[Development] Solutions for ensuring that changes in upstream modules are tested with downstream modules before merging
Mitch Curtis
mitch.curtis at qt.io
Wed Jun 16 11:26:03 CEST 2021
From: Development <development-bounces at qt-project.org> On Behalf Of Shawn Rutledge
Sent: Tuesday, 15 June 2021 10:57 PM
To: development at qt-project.org
Subject: Re: [Development] Solutions for ensuring that changes in upstream modules are tested with downstream modules before merging
On 2021 Jun 7, at 15:30, Mitch Curtis <mitch.curtis at qt.io<mailto:mitch.curtis at qt.io>> wrote:
Some I can think of:
- Slower git operations.
- Slower build times for qtdeclarative devs. You can use e.g. ninja targets, but you would have to do this every time you build. Ideally we’d add a configure option for this, like -no-gui in qtbase, so that they don’t need to build qtquickcontrols2.

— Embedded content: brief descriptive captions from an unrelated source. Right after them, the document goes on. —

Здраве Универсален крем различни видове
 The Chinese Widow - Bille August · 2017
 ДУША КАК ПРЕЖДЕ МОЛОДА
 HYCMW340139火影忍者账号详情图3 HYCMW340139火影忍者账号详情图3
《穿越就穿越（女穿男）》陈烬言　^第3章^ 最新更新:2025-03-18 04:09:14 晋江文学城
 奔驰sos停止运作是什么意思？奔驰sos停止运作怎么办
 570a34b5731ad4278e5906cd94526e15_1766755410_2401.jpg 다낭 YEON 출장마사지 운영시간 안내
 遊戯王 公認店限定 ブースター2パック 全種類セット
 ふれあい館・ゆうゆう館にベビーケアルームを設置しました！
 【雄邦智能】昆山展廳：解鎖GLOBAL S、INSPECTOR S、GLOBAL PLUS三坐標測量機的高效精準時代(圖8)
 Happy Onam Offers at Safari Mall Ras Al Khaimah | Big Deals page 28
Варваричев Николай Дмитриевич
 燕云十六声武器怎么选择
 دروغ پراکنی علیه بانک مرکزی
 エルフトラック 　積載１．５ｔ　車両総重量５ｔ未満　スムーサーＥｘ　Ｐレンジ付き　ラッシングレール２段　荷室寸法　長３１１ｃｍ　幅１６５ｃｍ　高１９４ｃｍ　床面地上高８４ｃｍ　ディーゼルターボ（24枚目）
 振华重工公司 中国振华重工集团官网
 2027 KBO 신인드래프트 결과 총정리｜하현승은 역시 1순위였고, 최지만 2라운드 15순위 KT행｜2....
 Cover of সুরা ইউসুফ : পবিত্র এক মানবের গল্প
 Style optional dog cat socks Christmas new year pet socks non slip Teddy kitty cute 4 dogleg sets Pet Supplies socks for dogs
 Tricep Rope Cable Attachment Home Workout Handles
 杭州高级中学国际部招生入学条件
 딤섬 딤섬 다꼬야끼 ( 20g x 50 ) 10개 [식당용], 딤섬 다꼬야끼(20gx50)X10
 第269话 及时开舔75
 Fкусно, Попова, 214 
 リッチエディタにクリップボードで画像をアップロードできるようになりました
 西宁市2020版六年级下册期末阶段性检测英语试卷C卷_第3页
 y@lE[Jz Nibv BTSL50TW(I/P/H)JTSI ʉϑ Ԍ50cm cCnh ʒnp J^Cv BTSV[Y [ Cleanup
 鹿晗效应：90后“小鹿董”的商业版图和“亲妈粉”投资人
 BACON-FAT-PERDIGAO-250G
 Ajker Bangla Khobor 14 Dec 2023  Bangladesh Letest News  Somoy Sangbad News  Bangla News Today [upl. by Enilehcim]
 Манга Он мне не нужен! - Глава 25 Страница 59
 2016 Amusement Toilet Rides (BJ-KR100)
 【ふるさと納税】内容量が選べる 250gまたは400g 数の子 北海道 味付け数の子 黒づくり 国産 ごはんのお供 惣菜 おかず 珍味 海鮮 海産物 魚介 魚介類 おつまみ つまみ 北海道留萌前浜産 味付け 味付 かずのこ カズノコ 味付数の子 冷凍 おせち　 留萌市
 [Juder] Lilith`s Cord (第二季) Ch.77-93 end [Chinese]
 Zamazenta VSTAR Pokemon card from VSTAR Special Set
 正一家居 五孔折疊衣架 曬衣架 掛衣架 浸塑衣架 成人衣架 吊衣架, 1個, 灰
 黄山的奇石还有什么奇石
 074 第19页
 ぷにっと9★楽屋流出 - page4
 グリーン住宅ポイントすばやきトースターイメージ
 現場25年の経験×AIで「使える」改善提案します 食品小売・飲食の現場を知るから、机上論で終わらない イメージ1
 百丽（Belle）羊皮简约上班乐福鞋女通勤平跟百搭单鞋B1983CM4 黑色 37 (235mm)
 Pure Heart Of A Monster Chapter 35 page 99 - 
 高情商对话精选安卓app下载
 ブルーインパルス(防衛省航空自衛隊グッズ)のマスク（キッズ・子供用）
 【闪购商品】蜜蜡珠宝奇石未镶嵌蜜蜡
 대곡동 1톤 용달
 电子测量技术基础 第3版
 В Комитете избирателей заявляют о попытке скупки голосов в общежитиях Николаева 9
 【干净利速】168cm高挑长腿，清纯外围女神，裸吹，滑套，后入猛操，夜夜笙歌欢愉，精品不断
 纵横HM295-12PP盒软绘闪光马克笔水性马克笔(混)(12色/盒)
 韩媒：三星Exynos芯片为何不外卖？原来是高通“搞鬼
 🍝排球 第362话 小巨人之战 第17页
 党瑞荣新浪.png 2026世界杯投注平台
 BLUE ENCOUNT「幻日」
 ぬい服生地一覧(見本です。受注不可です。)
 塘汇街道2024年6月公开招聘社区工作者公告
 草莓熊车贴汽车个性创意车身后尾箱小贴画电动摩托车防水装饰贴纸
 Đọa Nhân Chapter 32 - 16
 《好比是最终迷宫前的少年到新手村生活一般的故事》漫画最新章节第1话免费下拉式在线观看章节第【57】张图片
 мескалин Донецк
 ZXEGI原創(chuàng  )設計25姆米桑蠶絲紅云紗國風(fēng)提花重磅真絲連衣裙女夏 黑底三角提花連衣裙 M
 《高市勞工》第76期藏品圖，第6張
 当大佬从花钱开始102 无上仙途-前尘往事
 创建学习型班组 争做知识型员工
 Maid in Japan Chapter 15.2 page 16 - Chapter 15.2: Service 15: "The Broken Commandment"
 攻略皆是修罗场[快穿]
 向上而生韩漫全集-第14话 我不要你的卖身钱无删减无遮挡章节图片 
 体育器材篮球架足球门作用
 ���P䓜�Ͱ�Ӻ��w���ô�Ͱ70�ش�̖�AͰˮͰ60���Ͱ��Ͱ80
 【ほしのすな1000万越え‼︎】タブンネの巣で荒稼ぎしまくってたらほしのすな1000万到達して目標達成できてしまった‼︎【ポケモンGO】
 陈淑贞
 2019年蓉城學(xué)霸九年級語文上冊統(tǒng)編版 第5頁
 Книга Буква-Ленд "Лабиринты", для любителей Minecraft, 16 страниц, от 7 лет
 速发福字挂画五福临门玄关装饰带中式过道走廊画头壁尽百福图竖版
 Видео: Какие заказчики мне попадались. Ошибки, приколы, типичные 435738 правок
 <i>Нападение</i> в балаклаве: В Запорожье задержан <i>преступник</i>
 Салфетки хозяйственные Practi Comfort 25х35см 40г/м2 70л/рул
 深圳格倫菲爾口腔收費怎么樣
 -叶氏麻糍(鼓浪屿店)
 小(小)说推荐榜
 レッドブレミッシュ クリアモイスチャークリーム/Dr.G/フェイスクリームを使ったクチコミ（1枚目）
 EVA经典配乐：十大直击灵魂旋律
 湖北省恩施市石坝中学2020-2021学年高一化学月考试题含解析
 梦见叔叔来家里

FWIW, I’m routinely building all of Qt together (the modules that I have anyway) with cmake and ninja. (It’s around 15k steps, building all autotests but not examples. A Zen3 processor and ccache make it bearable. Before that, I was using icecc.) So the cases where I have broken something in controls by making a change in qtdeclarative are usually only test failures (behavior changes), not build failures, right? (Or at least not build failures that I didn’t know about.) I never run all autotests in all modules locally, because it takes too long. Even running all tests in qtdeclarative takes too long, except when the change is so invasive that I know I really need to. If I’m worried about a specific change breaking controls, I run those tests. (The script to run tests in xephyr is handy, so I can keep using the computer while they are running.)
“only” test failures, yes. :D Build failures would be preferable because they’re more obvious and easily fixed.
I rarely run all tests for a module when making a change. I’d never get any work done if I did.
- Creator would probably be quite a bit slower to work with having both of these in one project.
Qtdeclarative is already a rather big module. And Creator is slow, for sure. It’s been a couple of years since I could use it at all on my older laptops without enough memory.
This why I like the idea of just running qtquickcontrols2 tests for each qtdeclarative change: it doesn’t waste developer time (and again, CI integrations don’t count since they shouldn’t be wasting developer time).
Hopefully that will work, yeah.
Though then you do lose the ability to use controls in examples, which does seem like a huge loss.
It depends whether we care about being able to automatically test examples without building controls first, right? Otherwise I thought the existing advice lately is to go ahead and use controls in examples?
I’m not sure to be honest. I know the consensus is that we should use controls in examples but I don’t know how that’s supposed to work in terms of module dependencies.